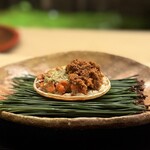 道人 - ①蒸し立てコッペ蟹(正式名:楚蟹《ズワイガニ》・雌)(京都府網野産)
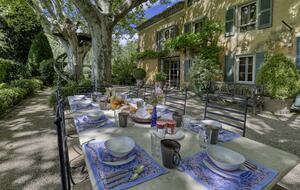 Les Confines: An Enchanting Provençal Estate of Timeless Elegance (R)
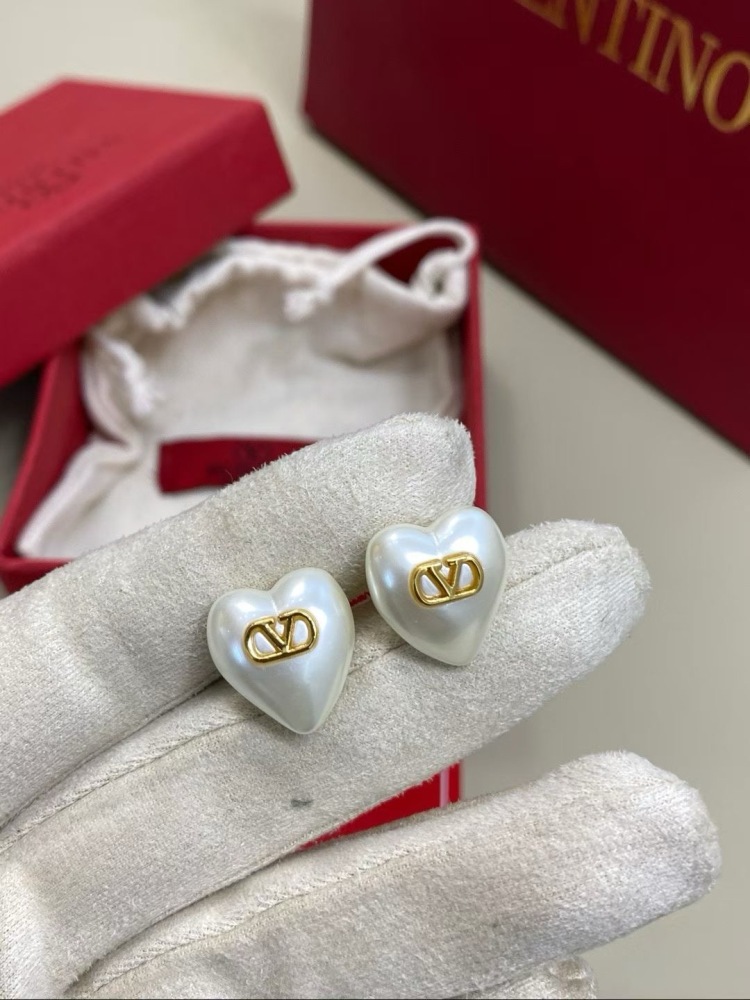 VALENTINO VLOGO PEARL HEART EARRINGS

Work instruction :: Exactly as written, return every line of the listing, but not the pictures.

Solution to the problem ::
 道人 - ①蒸し立てコッペ蟹(正式名:楚蟹《ズワイガニ》・雌)(京都府網野産)
 Les Confines: An Enchanting Provençal Estate of Timeless Elegance (R)
 VALENTINO VLOGO PEARL HEART EARRINGS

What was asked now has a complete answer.